Quote of the Day, March 27

Noam Chomsky responded in 1989 to a woman questioning him about his general, longstanding criticism of so-called “Marxist analysis.” I found his response interesting:

Well, I guess one thing that’s unattractive to me about “Marxism” is the very idea that there is such a thing. It’s a rather striking fact that you don’t find things like “Marxism” in the sciences–like, there isn’t any part of physics which is “Einsteinianism,” let’s say, or “Planckianism” or something like that. It doesn’t make any sense–because people aren’t gods: they just discover things, and they make mistakes, and their graduate students tell them why they’re wrong, and then they go on and do things better the next time. But there are no gods around. I mean, scientists do use the terms “Newtonianism” and “Darwinism,” but nobody thinks of those as doctrines that you’ve got to somehow be loyal to, and figure out what the Master thought, and what he would have said in this new circumstance and so on. That sort of thing is just completely alien to rational existence, it only shows up in irrational domains.

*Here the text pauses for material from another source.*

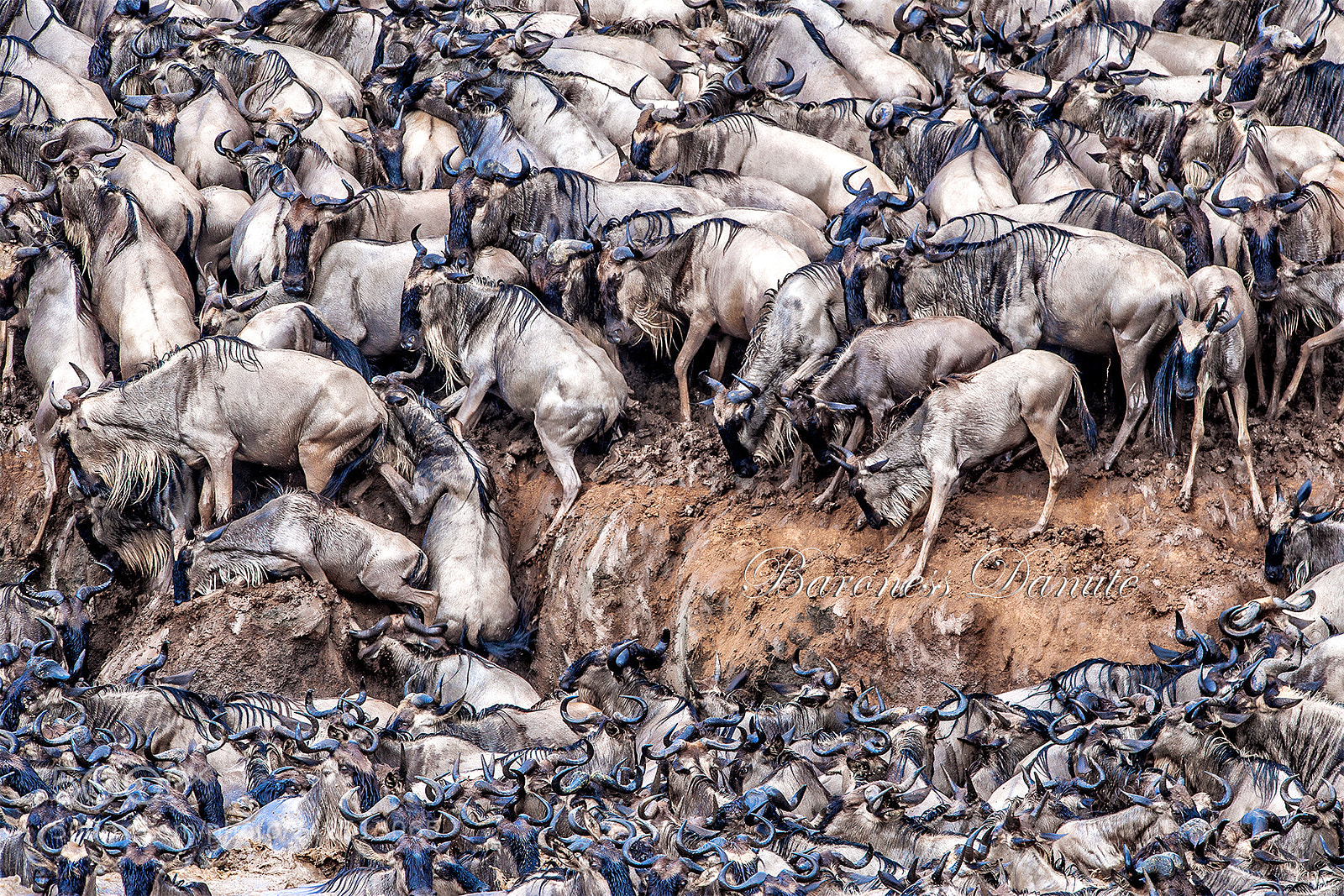 Nikon D3 sample photo. The migration in february photography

So Marxism, Freudianism: any one of these things I think is an irrational cult. They’re theology, so they’re whatever you think of theology; I don’t think much of it. In fact, in my view that’s exactly the right analogy: notions like Marxism and Freudianism belong to the history of organized religion.

 

As found in Understanding Power: The Insdispensable Chomsky, eds. Peter R. Mitchell and John Schoeffel (New York: The New Press, 2002), 227.